INSTRUCTIONS TO FOLLOW
For the material that follows, return exactly the lines from the one with "Zemira Home 316L" through the one with "Lastochka, 2018 Azimut Grande 25M, photo 17", both ends included.

EXTRACTED DATA section start

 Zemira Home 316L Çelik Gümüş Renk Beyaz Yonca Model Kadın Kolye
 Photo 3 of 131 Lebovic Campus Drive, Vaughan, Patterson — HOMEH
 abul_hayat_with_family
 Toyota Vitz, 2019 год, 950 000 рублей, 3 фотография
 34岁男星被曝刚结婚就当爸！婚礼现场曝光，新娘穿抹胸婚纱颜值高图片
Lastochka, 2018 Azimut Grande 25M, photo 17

EXTRACTED DATA section end
EXTRACTED DATA section start

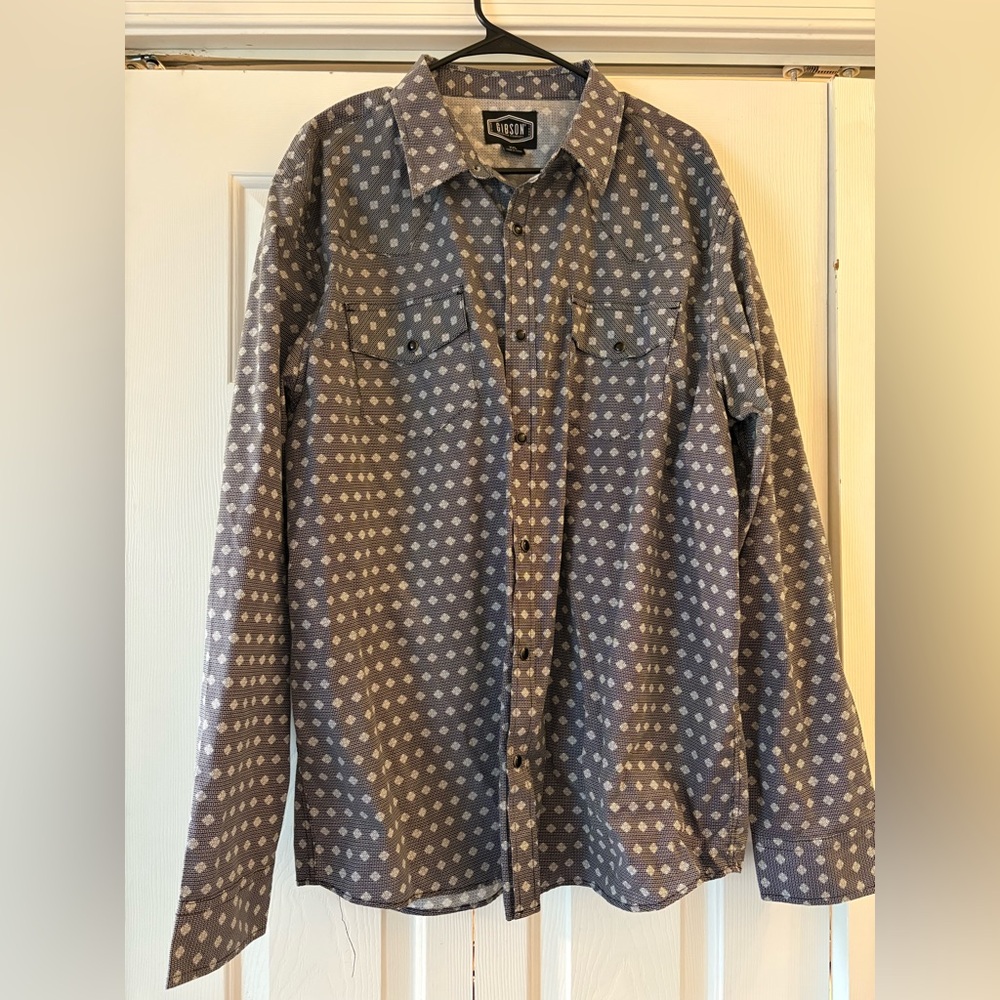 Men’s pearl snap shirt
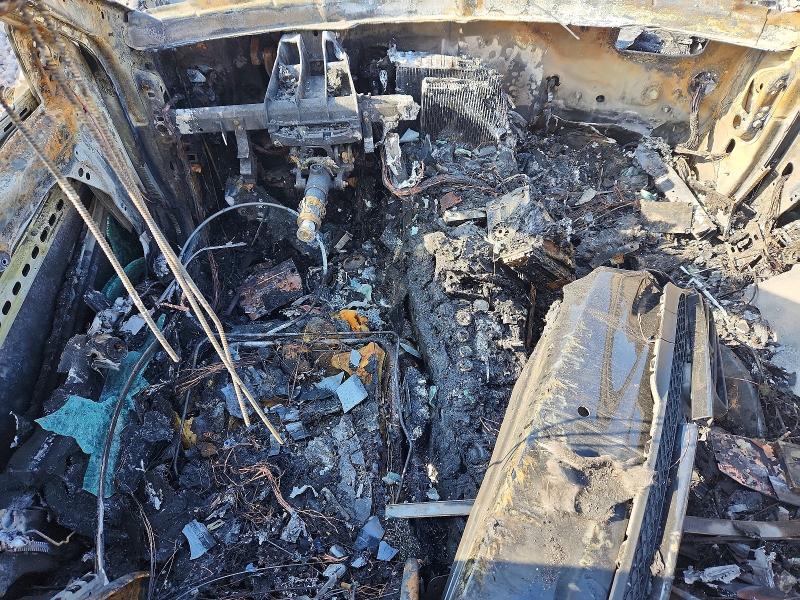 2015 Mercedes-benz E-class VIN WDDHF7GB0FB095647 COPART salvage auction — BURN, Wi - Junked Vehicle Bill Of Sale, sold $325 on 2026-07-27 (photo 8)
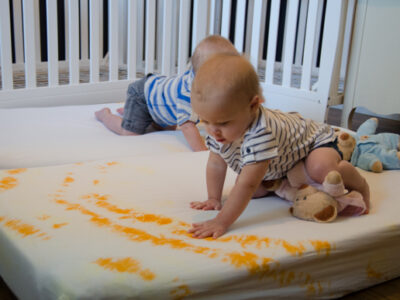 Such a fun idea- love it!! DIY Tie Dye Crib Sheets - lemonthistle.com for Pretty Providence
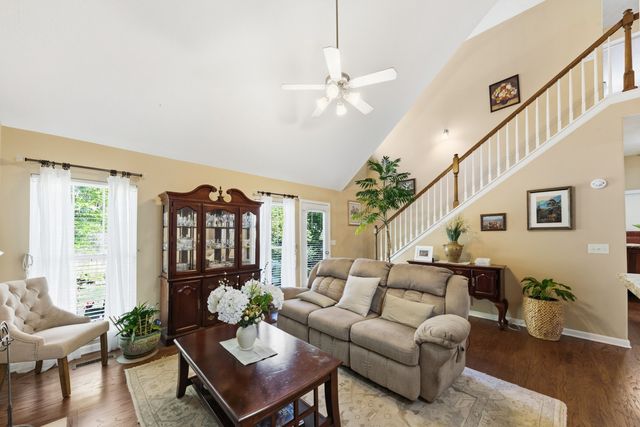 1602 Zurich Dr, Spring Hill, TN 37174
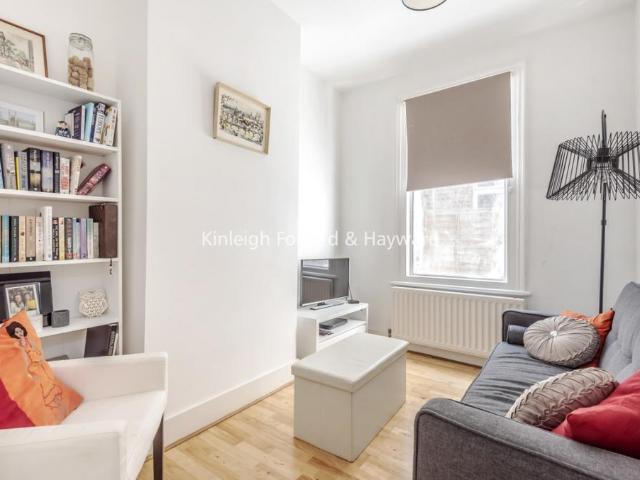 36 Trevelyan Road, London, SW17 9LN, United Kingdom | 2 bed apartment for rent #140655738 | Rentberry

EXTRACTED DATA section end
EXTRACTED DATA section start

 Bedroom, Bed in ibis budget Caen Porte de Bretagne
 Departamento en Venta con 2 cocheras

EXTRACTED DATA section end

WRITTEN SOLUTION
 Zemira Home 316L Çelik Gümüş Renk Beyaz Yonca Model Kadın Kolye
 Photo 3 of 131 Lebovic Campus Drive, Vaughan, Patterson — HOMEH
 abul_hayat_with_family
 Toyota Vitz, 2019 год, 950 000 рублей, 3 фотография
 34岁男星被曝刚结婚就当爸！婚礼现场曝光，新娘穿抹胸婚纱颜值高图片
Lastochka, 2018 Azimut Grande 25M, photo 17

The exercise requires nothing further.